Plus, you can't escape this guy just by doing the sensible thing and staying out of the ocean.
Duel is exclusively
a chase. But the action never becomes repetitive; it has its slower
moments, that either pursue suspense (as in the diner scene) or offer
false haven (as when David believes he's outsmarted his enemy, and takes
a nap, only to find the truck waiting for him, like a patient
predator). There is, if one really wishes to be critical (though I
obviously don't), a certain contrivance to the proceedings: Duel
is effectively a series of individually inventive set-pieces that could
be put in just about any order, waiting for the spectacle of the
climax, the fatal game of chicken where David jams the accelerator down
with his salesman's briefcase, crashes his Valiant into the truck, and
sends the blinded behemoth plummeting straight off a cliff. (This
impression must be more intense in the only version of the film I've
ever been able to see, the theatrical cut, which adds scenes almost
entirely for the sake of adding runtime, though none of them feel the slightest bit wasteful.)
But, vignettish or not, the set-pieces are all individually inventive; and that climax is
a spectacle. Beginning with the showiest, jumpiest editing of the
entire film, and ending bluntly and unsentimentally with a supernova
sunset, the sequence features also what is possibly the most well-filmed
crash in film history. Yet if it were composed by anybody, it could only have been God.

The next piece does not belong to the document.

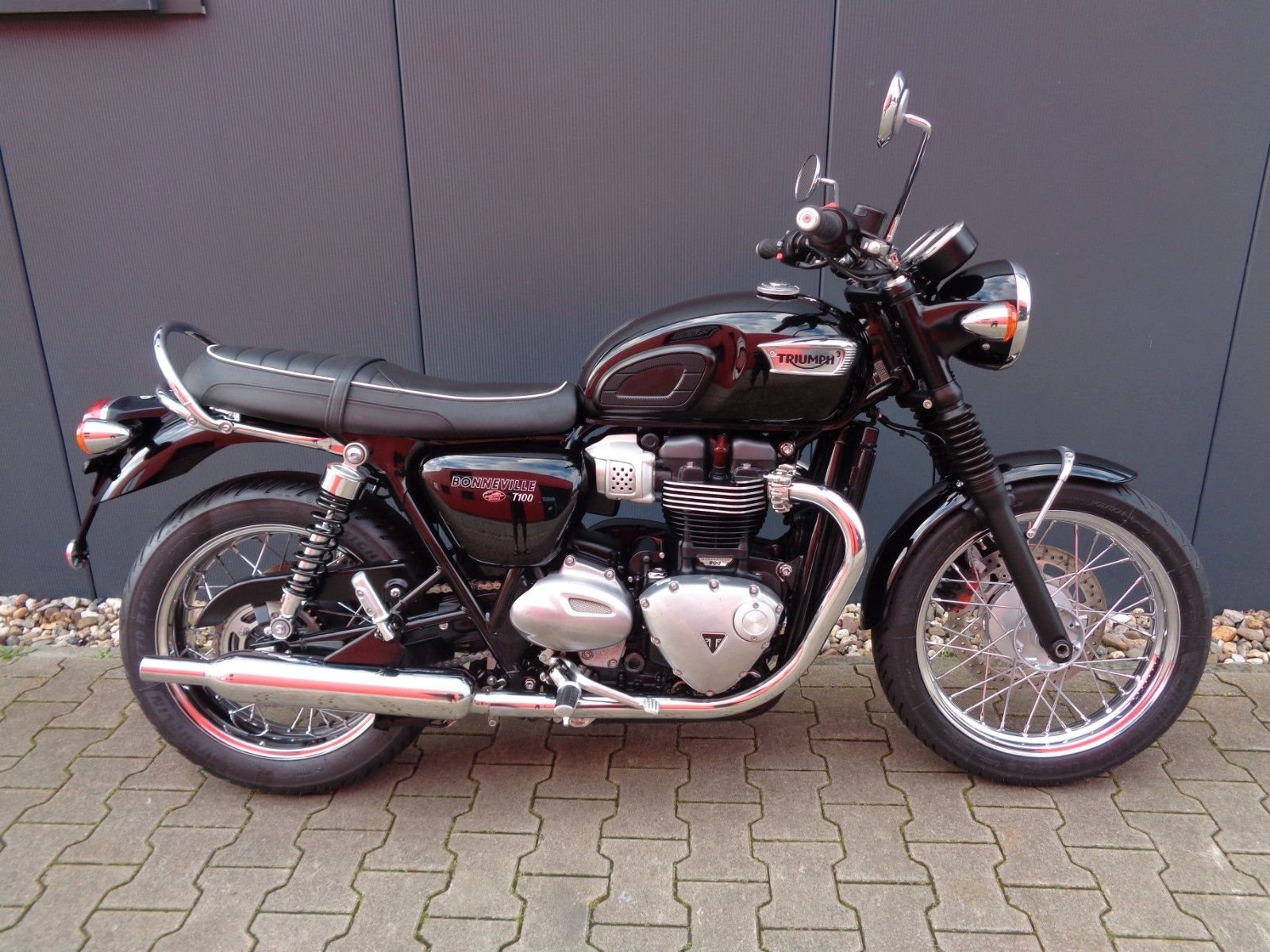 Triumph Bonneville T100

Spielberg had turned the walls of his motel room into a collage of maps—an early form of storyboarding—highly
conducive to a well-controlled shoot that depended crucially upon
real-world geography. This ultimate scene, however, could not be
controlled at all. A half-dozen cameras were set up for coverage of the
truck's death ride, which could only be filmed once. By unbelievable
fortune, a single camera operator captured the entire fall in one take;
by even more unbelievable fortune, the hulk bounces, reemerging from the obscuring dust one last time before settling. Spielberg would straight-up rip himself off four years later: the last shot of the shark in Jaws is almost precisely the same, and has the same effect of impressing upon the viewer that the hero has just conquered a monster right out of genuine myth.
Meanwhile, Spielberg, possibly made insane by the rigors of this particular shoot, added a dinosaur roar. Metallic as it is monstrous, Goddamn but it works.

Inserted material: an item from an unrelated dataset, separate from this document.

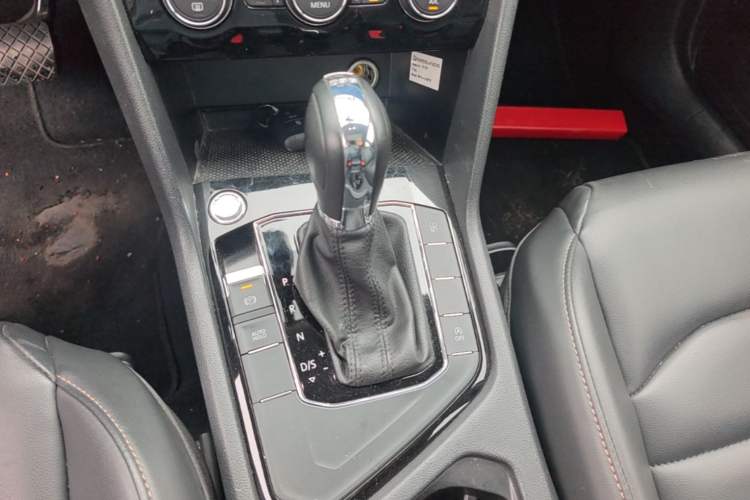 Used Volkswagen Tharu 2020 280TSI Two-Wheel Drive Comfort Edition China VI Standard Gear Lever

I'm fond of tweaking the noses of anyone bored enough to read these things—in the past, I may well have referred to Duel as its maker's finest work.

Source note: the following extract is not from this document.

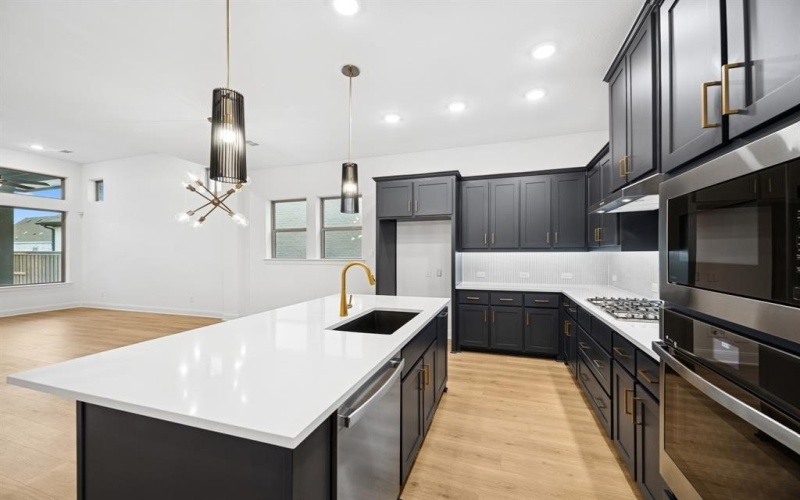 2024 Cuellar Way, Van Alstyne, TX 75495, 3 Bedrooms Bedrooms, ,2 BathroomsBathrooms,Residential,For Sale,2024 Cuellar Way,0,21068950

This is intellectually dishonest (I haven't seen his entire
filmography yet), and it also reveals how much I enjoy the taste of
both my own feet (sometimes I forget that actual human hands had
something to do with a certain trilogy that might as well be
divinely-inspired, and we'll see soon enough whether Jaws is better or not). So let's dial back the hyperbole, but not too much. Duel
represents an unalloyed triumph: Spielberg practically invented the
blockbuster; he has spent billions to make billions; but we can still say
that one of his best films was also his smallest.